TASK MATERIAL section start

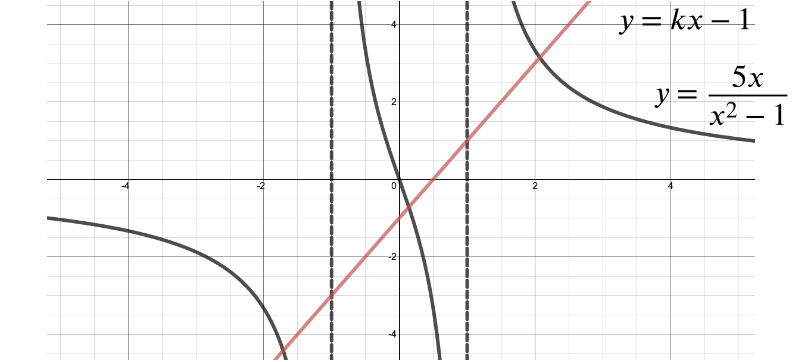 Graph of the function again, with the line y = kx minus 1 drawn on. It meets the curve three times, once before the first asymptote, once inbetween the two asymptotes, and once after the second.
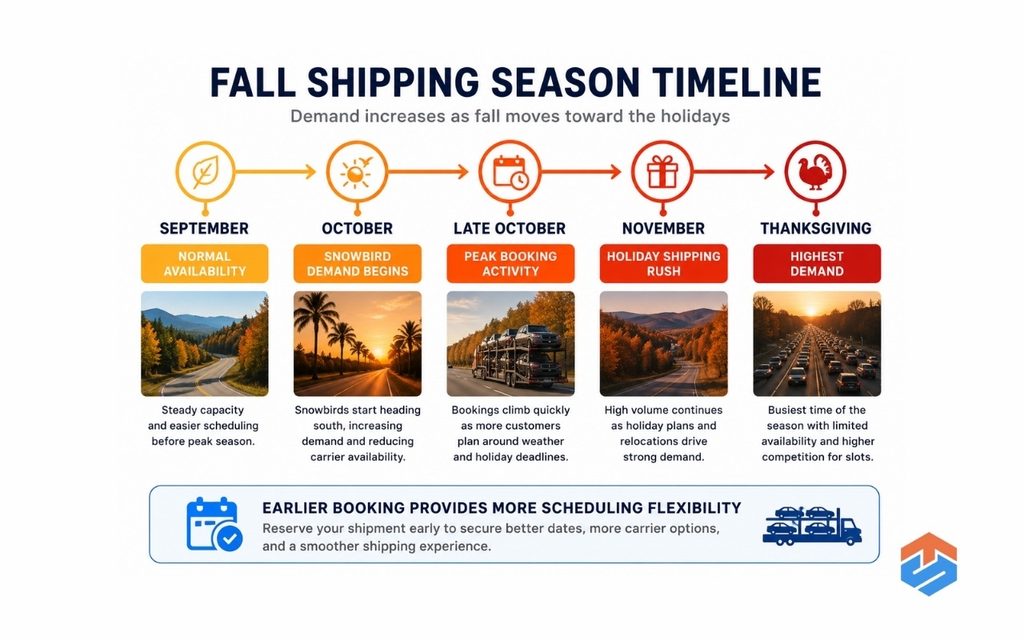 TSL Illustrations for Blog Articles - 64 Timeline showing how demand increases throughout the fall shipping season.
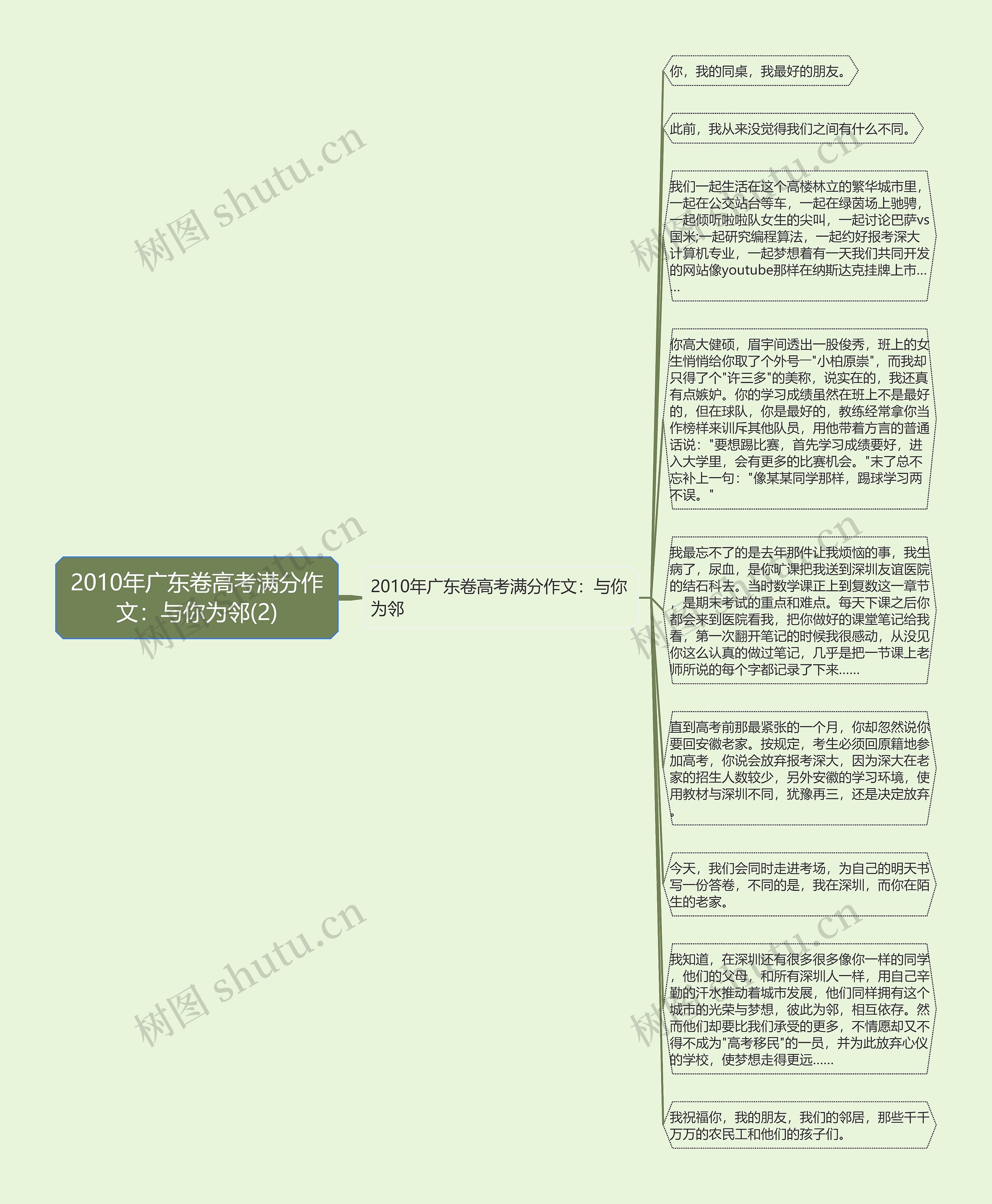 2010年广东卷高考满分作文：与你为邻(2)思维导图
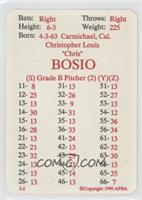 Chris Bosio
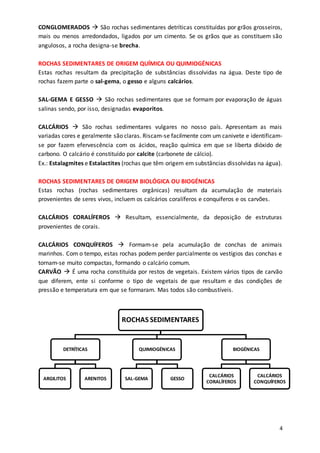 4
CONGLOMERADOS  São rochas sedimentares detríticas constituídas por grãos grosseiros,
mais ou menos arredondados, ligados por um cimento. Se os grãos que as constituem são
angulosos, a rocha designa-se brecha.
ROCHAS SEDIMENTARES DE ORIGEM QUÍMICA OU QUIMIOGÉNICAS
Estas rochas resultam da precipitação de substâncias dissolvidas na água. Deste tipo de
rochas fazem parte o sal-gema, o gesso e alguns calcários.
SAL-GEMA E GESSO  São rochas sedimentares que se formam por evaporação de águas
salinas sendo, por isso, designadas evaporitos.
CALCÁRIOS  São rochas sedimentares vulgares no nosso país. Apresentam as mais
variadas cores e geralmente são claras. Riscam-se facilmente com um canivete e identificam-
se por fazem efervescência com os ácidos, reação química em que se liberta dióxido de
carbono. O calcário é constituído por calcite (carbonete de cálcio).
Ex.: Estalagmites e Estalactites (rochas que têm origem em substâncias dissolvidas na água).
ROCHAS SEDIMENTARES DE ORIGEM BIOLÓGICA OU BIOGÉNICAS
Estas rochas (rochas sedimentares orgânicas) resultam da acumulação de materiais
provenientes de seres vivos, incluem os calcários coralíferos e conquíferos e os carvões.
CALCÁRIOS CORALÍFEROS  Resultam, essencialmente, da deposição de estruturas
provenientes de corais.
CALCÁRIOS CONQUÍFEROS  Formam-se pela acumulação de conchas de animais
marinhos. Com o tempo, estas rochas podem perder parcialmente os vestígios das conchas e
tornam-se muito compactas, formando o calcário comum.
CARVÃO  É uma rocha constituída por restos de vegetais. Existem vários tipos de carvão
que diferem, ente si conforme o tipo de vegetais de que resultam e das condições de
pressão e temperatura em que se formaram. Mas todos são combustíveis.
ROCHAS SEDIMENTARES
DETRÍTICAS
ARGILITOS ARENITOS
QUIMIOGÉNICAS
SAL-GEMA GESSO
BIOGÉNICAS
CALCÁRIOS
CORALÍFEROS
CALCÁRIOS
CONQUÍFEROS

TASK MATERIAL section end

• PROBLEM
Begin at the first line of the entries and stop after the line holding "marinhos. Com o"; repeat those lines exactly, but not the pictures.

• TASK SOLUTION
 Graph of the function again, with the line y = kx minus 1 drawn on. It meets the curve three times, once before the first asymptote, once inbetween the two asymptotes, and once after the second.
 TSL Illustrations for Blog Articles - 64 Timeline showing how demand increases throughout the fall shipping season.
 2010年广东卷高考满分作文：与你为邻(2)思维导图
 Chris Bosio
 4
CONGLOMERADOS  São rochas sedimentares detríticas constituídas por grãos grosseiros,
mais ou menos arredondados, ligados por um cimento. Se os grãos que as constituem são
angulosos, a rocha designa-se brecha.
ROCHAS SEDIMENTARES DE ORIGEM QUÍMICA OU QUIMIOGÉNICAS
Estas rochas resultam da precipitação de substâncias dissolvidas na água. Deste tipo de
rochas fazem parte o sal-gema, o gesso e alguns calcários.
SAL-GEMA E GESSO  São rochas sedimentares que se formam por evaporação de águas
salinas sendo, por isso, designadas evaporitos.
CALCÁRIOS  São rochas sedimentares vulgares no nosso país. Apresentam as mais
variadas cores e geralmente são claras. Riscam-se facilmente com um canivete e identificam-
se por fazem efervescência com os ácidos, reação química em que se liberta dióxido de
carbono. O calcário é constituído por calcite (carbonete de cálcio).
Ex.: Estalagmites e Estalactites (rochas que têm origem em substâncias dissolvidas na água).
ROCHAS SEDIMENTARES DE ORIGEM BIOLÓGICA OU BIOGÉNICAS
Estas rochas (rochas sedimentares orgânicas) resultam da acumulação de materiais
provenientes de seres vivos, incluem os calcários coralíferos e conquíferos e os carvões.
CALCÁRIOS CORALÍFEROS  Resultam, essencialmente, da deposição de estruturas
provenientes de corais.
CALCÁRIOS CONQUÍFEROS  Formam-se pela acumulação de conchas de animais
marinhos. Com o tempo, estas rochas podem perder parcialmente os vestígios das conchas e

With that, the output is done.